Given the Trustee's confusion over this issue, we emphasize that, for all debtors, the starting point for calculating projected disposable income is the debtor's “current monthly income,” which is provided by Form B22(C). For above-median income debtors, Parts IV and V of Form B22(C) allow the debtor to calculate “disposable income” by deducting the limited expenses allowed under the means test from the debtor's “current monthly income.” For below-median income debtors, however, “disposable income” should be calculated by subtracting the full amount “reasonably necessary to be expended” for the debtor's support or maintenance, based on information provided in Schedule J, from the “current monthly income” figure. Using the “disposable income” figure, “projected disposable income” should then be calculated consistent with the Supreme Court's instructions in Lanning.
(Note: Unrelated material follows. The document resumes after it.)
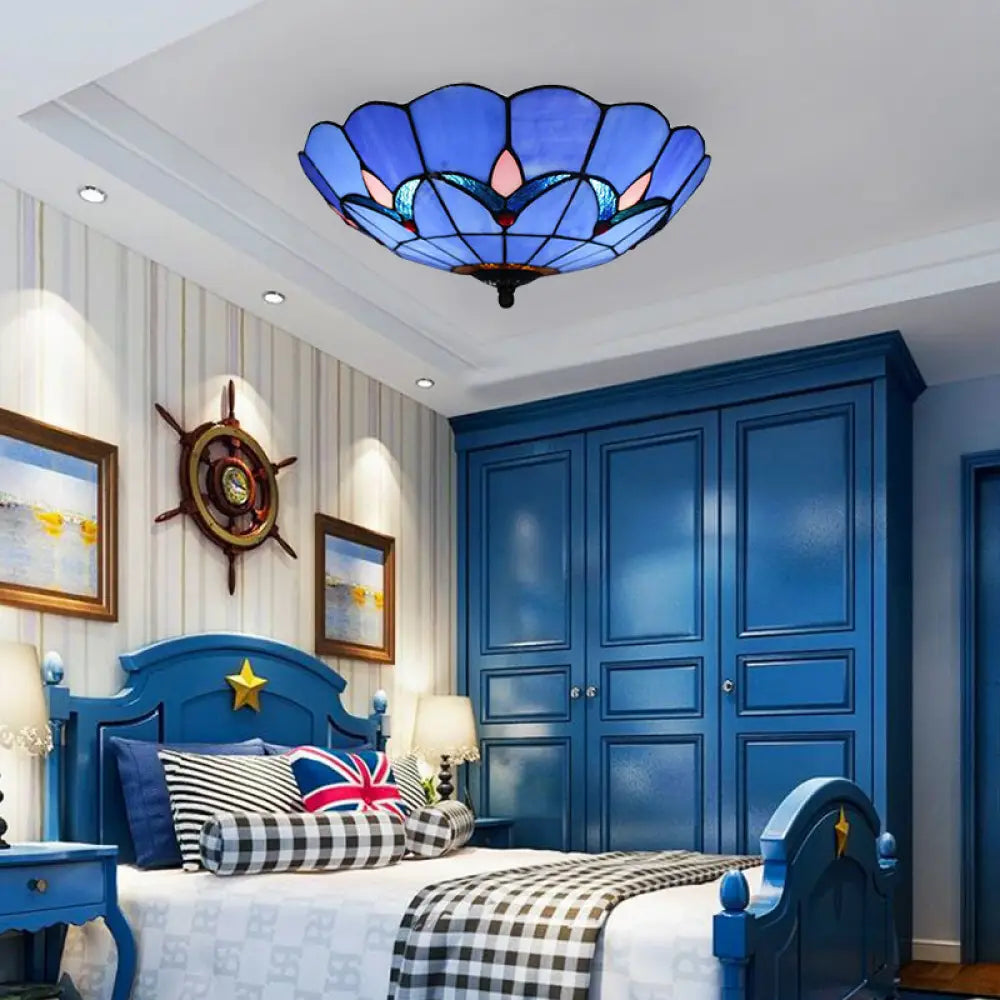 Blue Tiffany Dome Flush Mount Ceiling Lights With Jewel Decoration In Various Sizes For Bedroom /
Finally, the Trustee argues that failing to require below-median income debtors to include Social Security income in their “projected disposable income” would contravene Congress' intent to eradicate bankruptcy abuse when it enacted the BAPCPA. See Ransom v. FIA Card Servs., N.A., ––– U.S. ––––, 131 S.Ct. 716, 721, 178 L.Ed.2d 603 (2011) (“Congress enacted the [BAPCPA] to correct perceived abuses of the bankruptcy system. In particular, Congress adopted the means test ... to help ensure that debtors who can pay creditors do pay them.”) (internal quotation marks and citations omitted). For instance, the Trustee argues that if Social Security income is not included, then debtors will have total discretion to dictate the amount of income they want to contribute to the plan. But this is not necessarily so. It is true that a Chapter 13 debtor with zero or negative “projected disposable income” is not required to apply any income to payments to unsecured creditors under § 1325(b)(1)(B). The debtor's plan, however, still must satisfy every other requirement for confirmation set forth in the Code. Among other requirements, the plan must meet the “best interests of the creditors” test, i.e., unsecured creditors must not receive less than they would in a Chapter 7 liquidation of the estate, 11 U.S.C. § 1325(a)(4), and the plan must have been proposed in good faith, id. § 1325(a)(3).
We note, however, that the exclusion of Social Security income from disposable income, as required by statute, by itself, does not constitute bad faith. See In re Ragos, 700 F.3d 220, 227 (5th Cir.2012) (“[R]etention of exempt social security benefits alone is legally insufficient to support a finding of bad faith under the Bankruptcy Code); In re Cranmer, 697 F.3d 1314, 1319 (10th Cir.2012) (“When a Chapter 13 debtor calculates his repayment plan payments exactly as the Bankruptcy Code and the Social Security Act allow him to, and thereby excludes SSI, that exclusion cannot constitute a lack of good faith.”).
More fundamentally, the concerns over abuse raised by the Trustee are best addressed to Congress, not to this Court. The function of the judiciary is to apply the law, not to rewrite it to conform with the policy positions of litigants. When the statutory language is clear, as it is in this case, our inquiry must end. See In re Sunterra Corp., 361 F.3d 257, 265 (4th Cir.2004) (“As a settled principle, unless there is some ambiguity in the language of a statute, a court's analysis must end with the statute's plain language.” (internal quotation marks, citations, and alteration omitted)).
Because we hold that the Bankruptcy Code expressly excludes Social Security income from the calculation of “projected disposable income,” we do not reach Mort Ranta's alternative argument that the Social Security Act protects Social Security income from the operation of Chapter 13 proceedings. See42 U.S.C. § 407.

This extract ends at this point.